The Swiss flautist, Emmanuel Pahud, was born Geneva, Switzerland into an non-musical family. His father is of French and Swiss background and his mother is French. Travelling has been a big part of Emmanuel Pahud's life from birth. His father worked for a U.S. company, and the family moved repeatedly during his childhood. However, this would only shape Pahud's international outlook for his future. Only six weeks after Pahud was born, his parents moved to Baghdad for one year. They moved again when he was 1 to Paris, where Emmanuel's younger brother was born. In 1972, they then moved to Madrid for two years, and in 1974, finally settled in Rome for four years. In their apartment building in Rome, lived the Swiss-French Binet family whose four children played musical instruments. The father (François) was a flautist who studied in Zürich and Paris but stopped performing in later years. At the age of 4, Pahud first heard the flute. As the eldest son Philippe played the Flute Concerto No. 1 (Mozart) K.313 in G Major, it set the course to a remarkable chapter of Pahud's life. That Christmas, after receiving his first flute, Pahud began his first year of lessons with Philippe (who was only 15 years old) and the next three years with Phillipe's father, François. In 1978, at the age of 8, the Pahud family moved to Brussels, Belgium. Emmanuel then began studying at the Music Academy of Uccle in Southern Brussels. There he studied with Michel Moinil from 1979 to 1985. As he became more determined and focused on playing the flute at a higher level; Pahud began to study from 1984 to 1987 with Carlos Bruneel, the then and current principal flautist of the Théâtre Royal de la Monnaie opera house in Brussels. In 1985, Pahud won the National Competition of Belgium (le concours National de Belgique) and in the same year, he played his first concert with the National Orchestra of Belgium, performing the piece that inspired him 11 years earlier: Mozart Concerto K.313 in G Major. Pahud remained in Brussels until receiving his A-Level at the age of 17 and went off to finish his schooling in Paris. With the strong support of his family, he also received lessons with other of Europe's finest players, including Peter-Lukas Graf in Basel.
Emmanuel Pahud attended the Conservatoire de Paris (Conservatoire National Supérieur de Musique de Paris) in France, studying with Michel Debost, Alain Marion, Pierre Artaud, and Christian Larde.
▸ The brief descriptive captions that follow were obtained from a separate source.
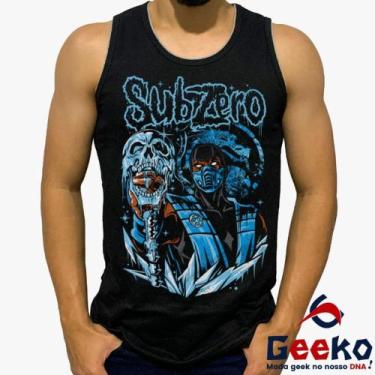 Imagem de Regata Sub Zero 100% Algodão Mortal Kombat Geeko, Preto, P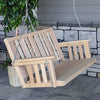 Handcrafted hanging porch swing made from low-maintenance cypress wood with slatted back and seat, suspended by sturdy metal chains, perfect for outdoor furniture and home decor collections.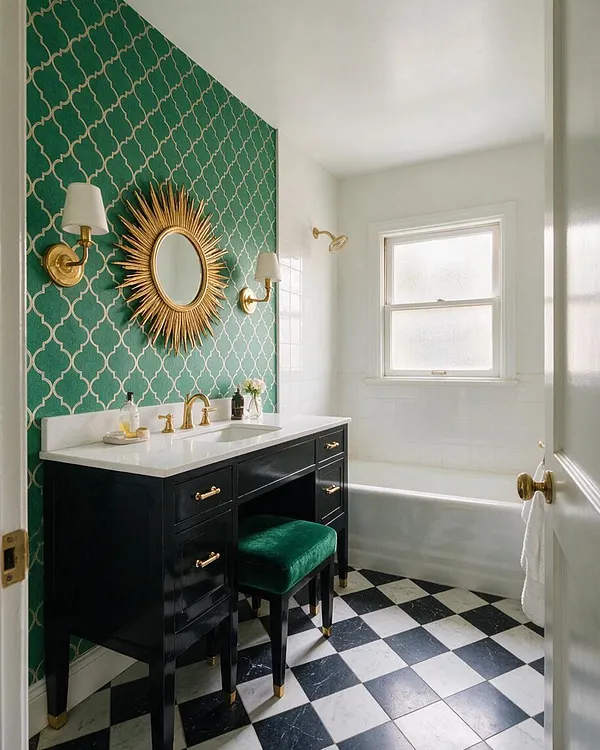 A master bathroom with a dramatic emerald green patterned accent wall, a black vanity with a white countertop, and a gold sunburst mirror centered above the sink. Brass sconces, a black-and-white checkered floor, and a white bathtub with frosted window add a glamorous Hollywood Regency look.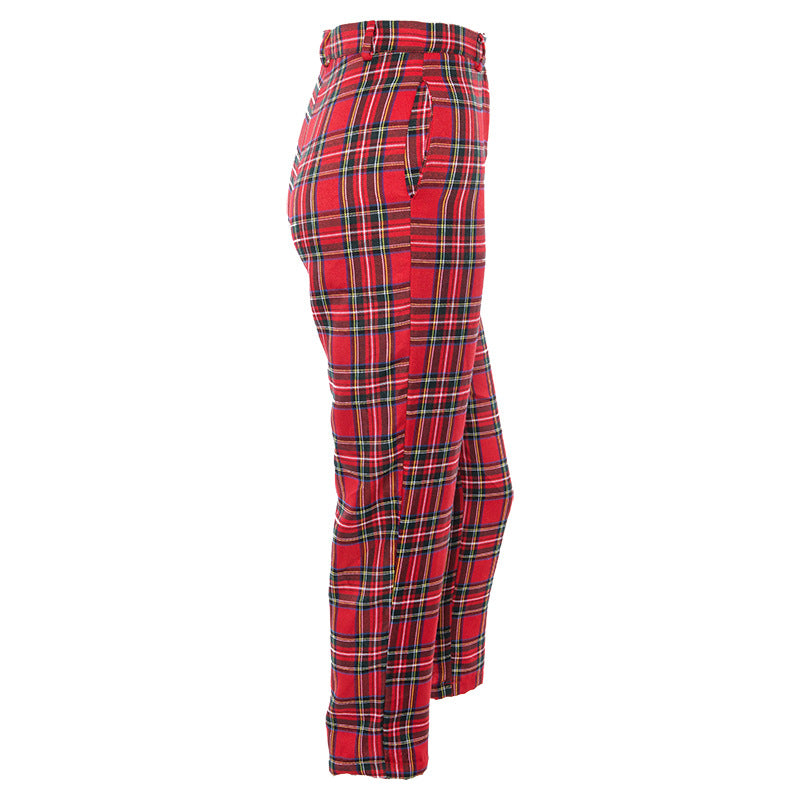 Gothic Grunge Red Plaid Pants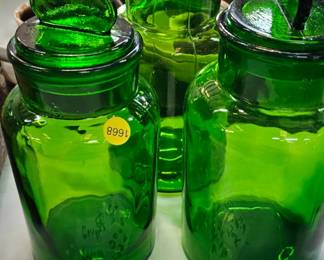 VINTAGE MID CENTURY GREEN GLASS JARS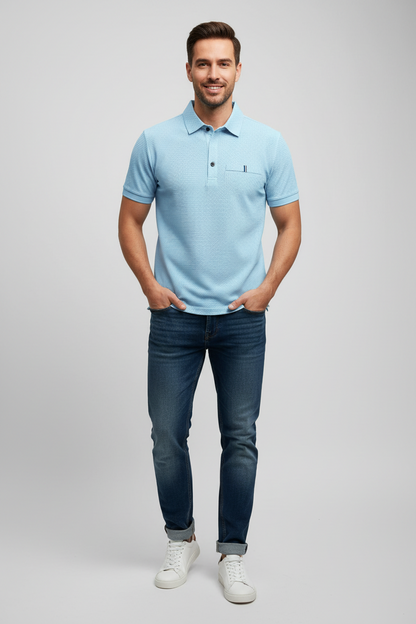 Cool Breeze Men’s Summer Ice Silk Lapel Pocket Polo Shirt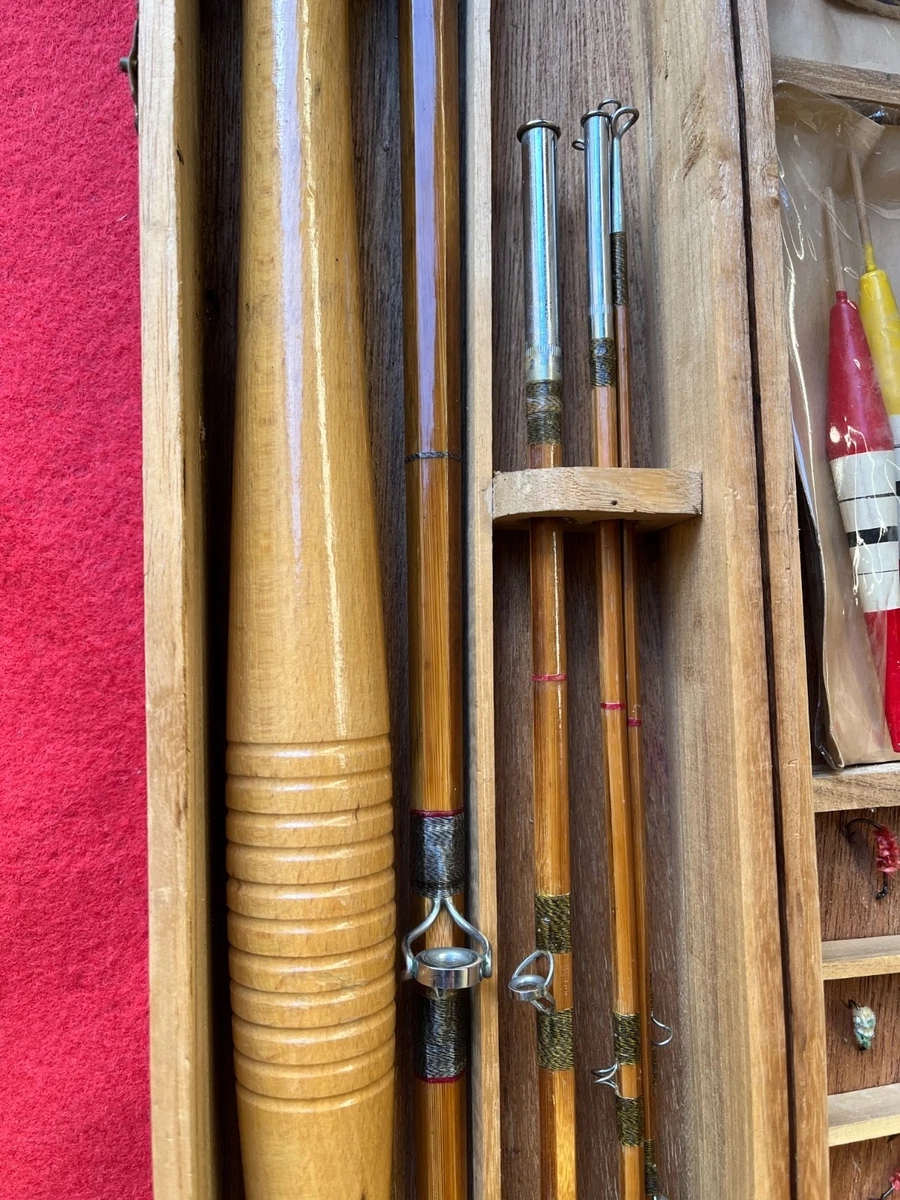 2 CAÑAS ANTIGUAS DE BAMBÚ CORTADAS JAPÓN + ACCESORIOS EN CAJA DE MADERA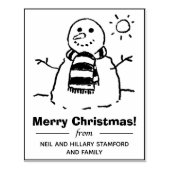 幸せなクリスマスのメッセージの雪だるまのゴム印! ラバースタンプ (インプリント)
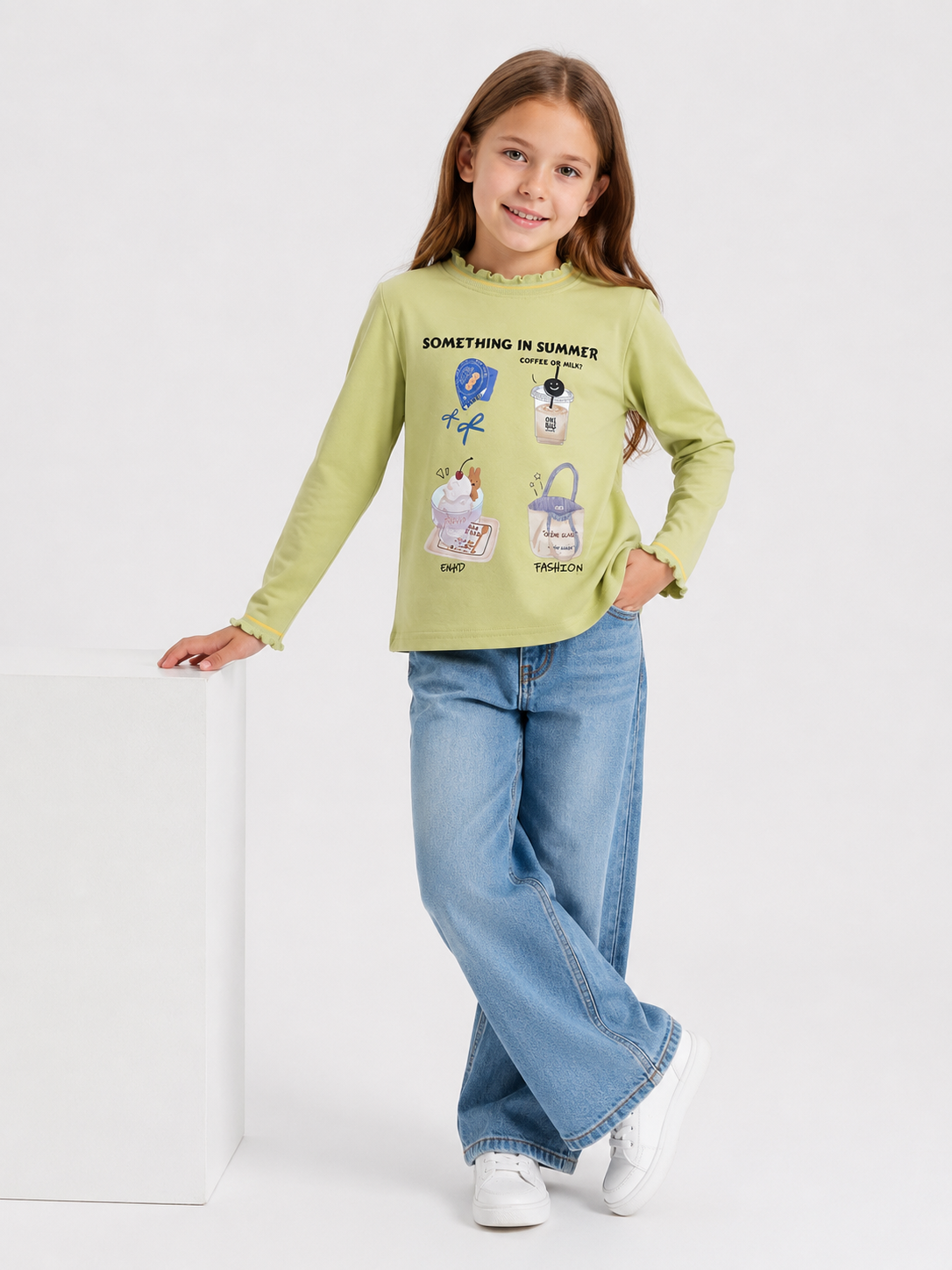 CAMISETA CON CUELLO/PUÑO TEJIDO (NENA) - Imagen 2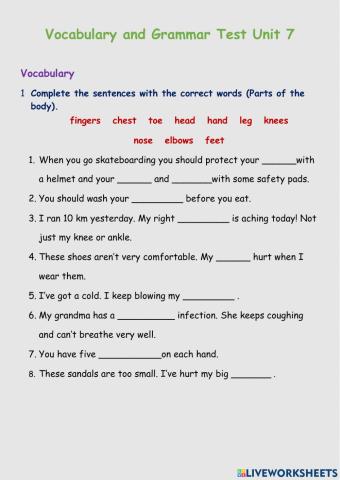 Test unit 7. Grade 6.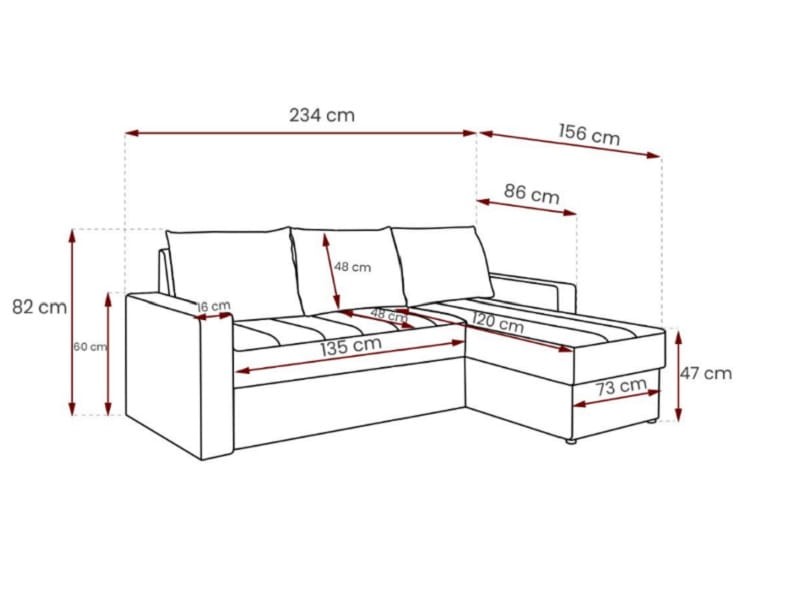 Narożnik GORDIA Do Salonu Pokoju Funkcja Spania Pojemnik Wymiary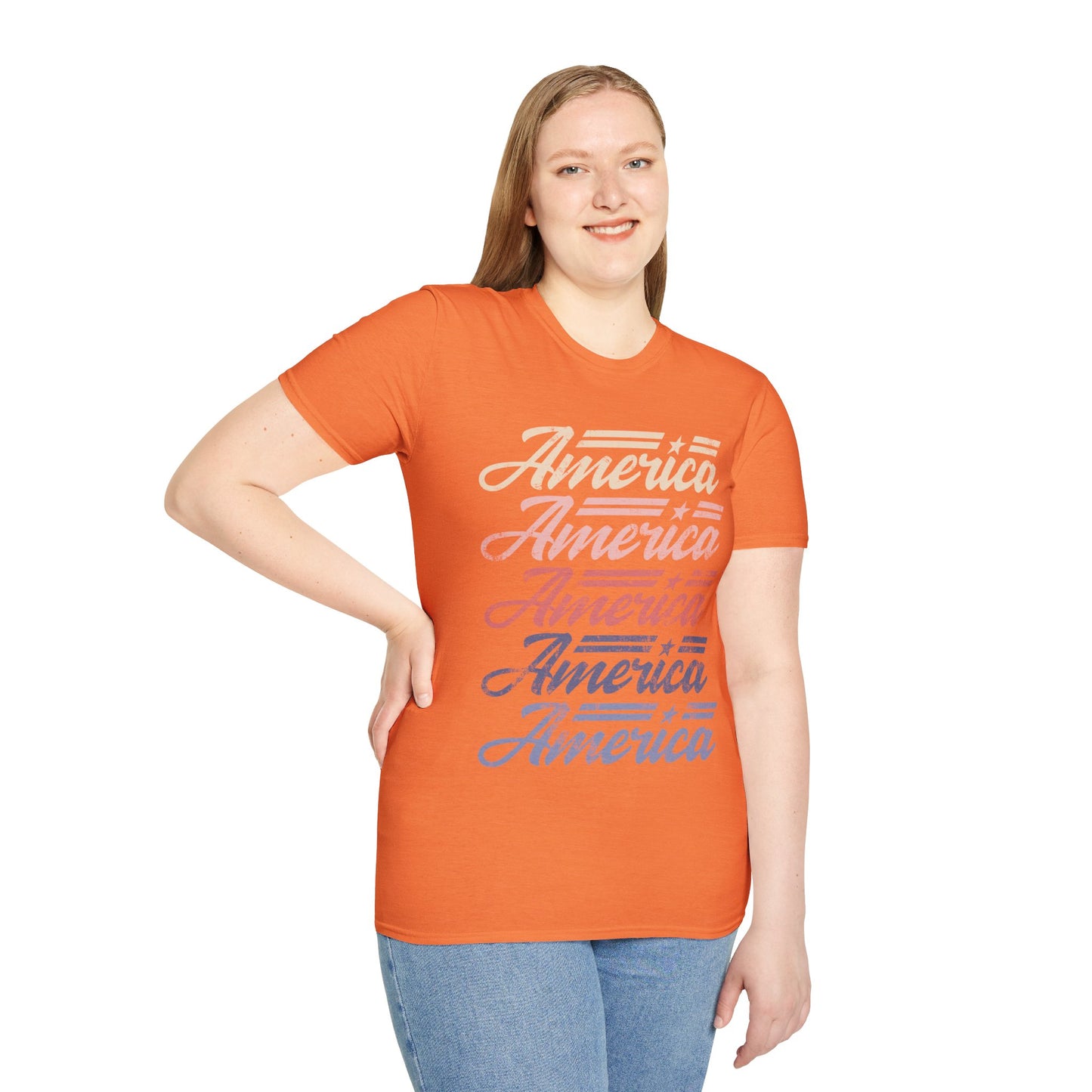 America Stacked Unisex Softstyle T-Shirt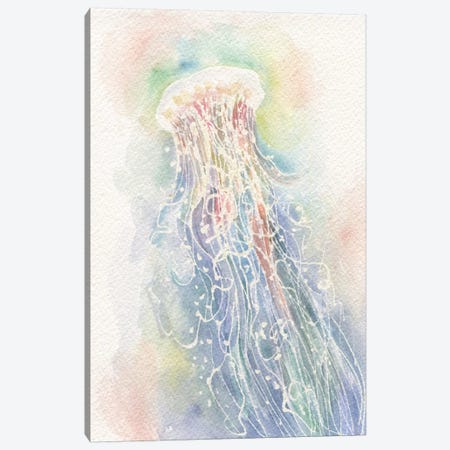 Jellyfish Watercolor Canvas Print #STC124} by Stephanie Corfee Canvas Wall Art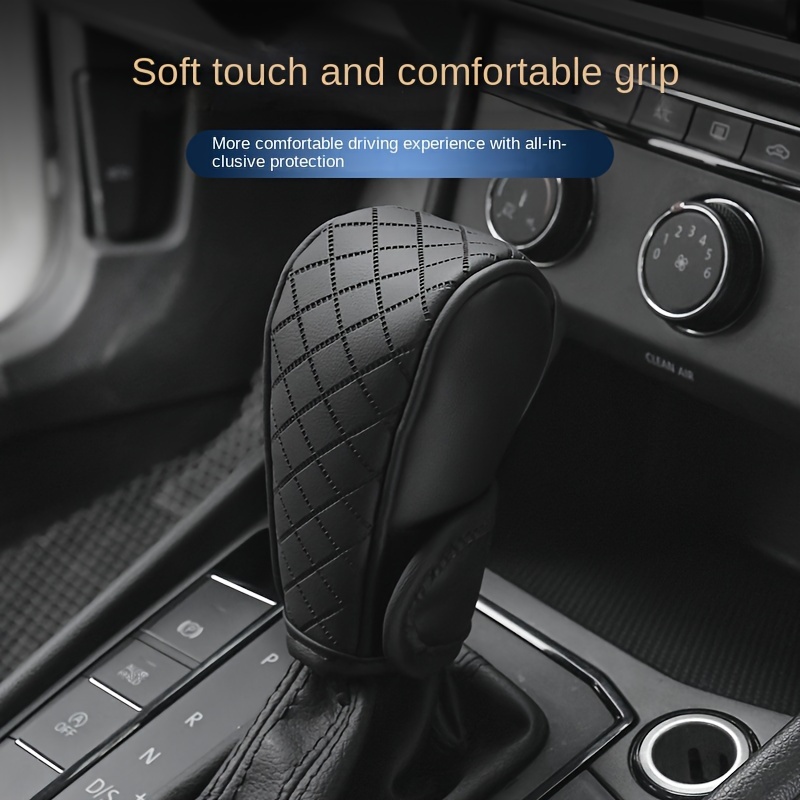 

Universal Pu Leather Non-slip Car Gear Shift Knob Cover, Black Auto Parts Protective Driving Control Cover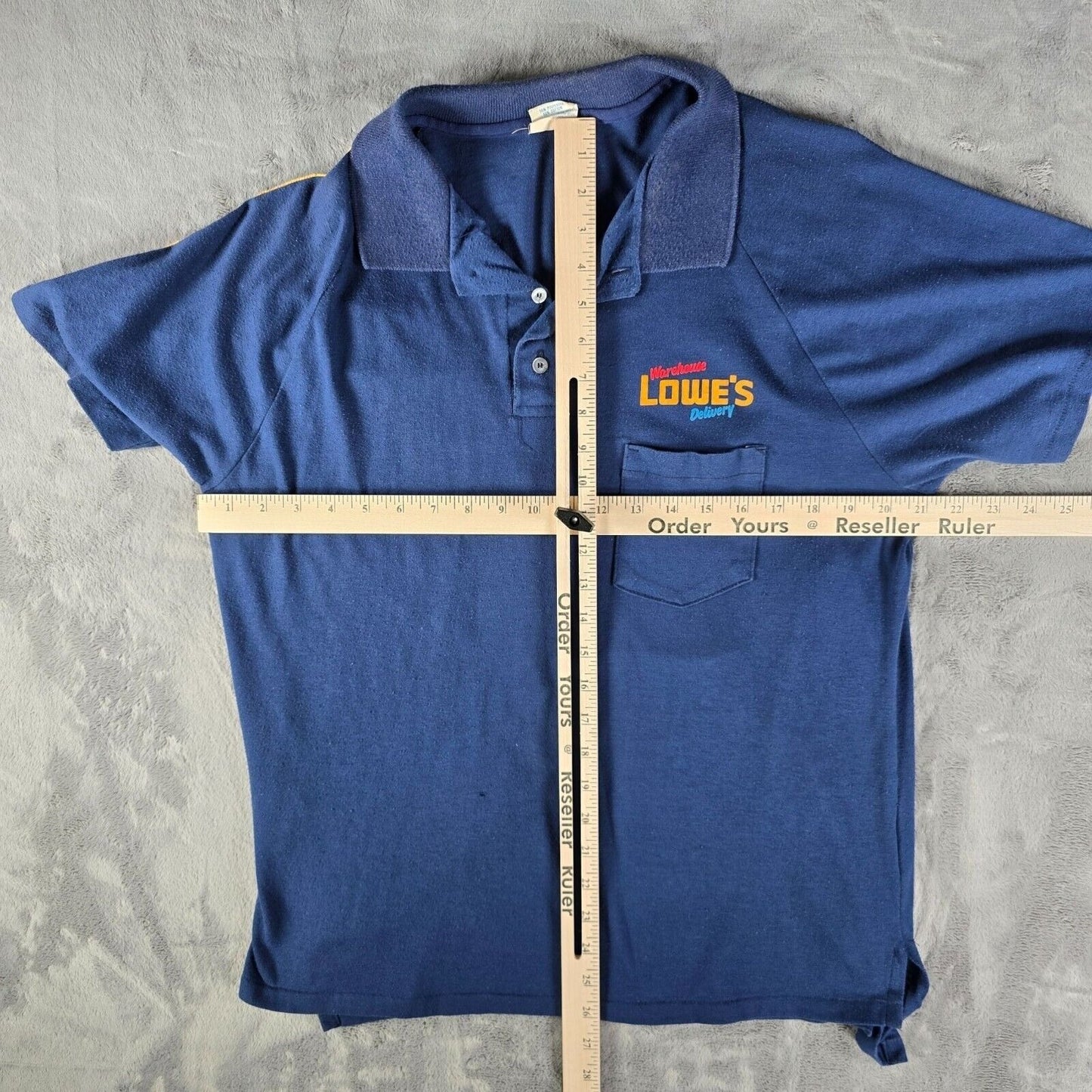 Vintage 1980s Blue Made in USA Lowe's Warehouse Delivery Polo Shirt (L)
Whilst studying, he won two major competitions, one in Duino 1988 and the other in Kobe in 1989. In 1988, Emmanuel also won the 2nd Prize at the International Scheveningen Music Competition in Scheveningen, Netherlands. Winning these competitions put Pahud in the forefront to become principal flautist in the Radio-Sinfonieorchester Basel, under the direction of Nello Santi which he obtained the position in 1989 whilst finishing his studies in Paris. He resigned from the orchestra in 1992. Pahud also held the principal flautist position at the Münchner Philharmoniker under Sergiu Celibidache. Pahud graduated at the age of 20 from the Conservatoire in 1990, obtaining the First Prize (Premier Prix). He then continued to advance his studies for the next two years; in style and interpretation with one of France's greatest flautists, Swiss-born Aurèle Nicolet who turned out to be his neighbour. In 1992, Aurèle Nicolet prepared Pahud in an extensive 10 day rehearsal for both the Geneva International Music Competition, (le Concours International de Genève) in September of that year and the audition for principal flautist of the Berliner Philharmoniker in October. He acknowledges achieving both the first prize at le Concours International de Genève (he won eight out of the twelve special prizes at this competition) and being appointed for the position at the age of 22 by Berliner Philharmoniker's conductor, Claudio Abbado to his experience with Aurèle Nicolet. He took 'the Soloists Prize' in the World-wide French-speaking Community Radio Awards, and 'the European Council's Juventus Prize'. He is also a laureate of the Yehudi Menuhin Foundation and of the International Tribune for Musicians of UNESCO.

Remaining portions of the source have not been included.